Köylü, memur, küçük esnaf, perişan durumdadır.
Türkiye gibi büyük, soylu, onurlu bir ülkenin sadaka ekonomisiyle yönetilemeyeceği, gün geçtikçe daha iyi görülüp anlaşılmaktadır.
Hukuk, yargı, hiçbir zaman, bu iktidar döneminde olduğu kadar saygınlığını yitirmedi.
Özel yetkili kılınmış, mahkeme görünümlü birtakım kuruluşlar, ne hukukla ne vicdanla ne en sıradan insan haklarıyla bağdaşabilir uygulamalarını sürdürmekteler.
Sonuçta, demokrasinin temel ilkesinin, esasında yargı bağımsızlığı demek olan “kuvvetler ayrılığı” kuralının tümüyle ortadan kaldırılmasının dikte edildiği bir evreye ulaştık.
Getirildiğimiz nokta, Abdülhamit anayasasının, 2. Meşrutiyet’in de gerisindedir.
Eğitim alanında yapılanlar, başka bütün alanlarda olduğu gibi, Cumhuriyetle elde edilmiş evrensel kazanımların tersyüz edilmesidir.

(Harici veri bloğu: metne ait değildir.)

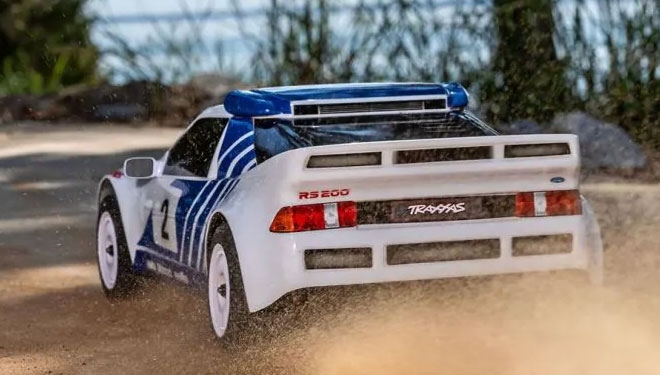 TRAXXAS Mini Rally VXL 108046-1 Ford RS200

Bir savaşın eşiğine getirilmiş olmamız ise, hiç kuşkusuz, bu ülkeye karşı işlenmekte olan bir savaş suçudur...
***
Bu baskı ve gericilik ortamından sanat ve kültür yaşamımız da payına düşeni aldı.
Hangi birinden başlayalım...
Heykele ucube denilmesi, ender yetişebilen bir müzisyenimize alçakça saldırılar, tiyatro ve sinema alanında baskı, sansür ve doğal sonucu olarak korku ve otosansür, resim galerileri ve müzik dinletilerinin basılması; yargılanan yazarlar, çevirmenler, karikatüristler; iktidar eliyle açılan sayısız para ve ceza davaları; balerinlerin evrensel giyim kuşamlarını ve TV dizilerini yönlendirmeye kadar uzanan bir pervasızlık, bütün bu alanlarda egemen olan korku, kuşku, tehdit ve mutsuzluk...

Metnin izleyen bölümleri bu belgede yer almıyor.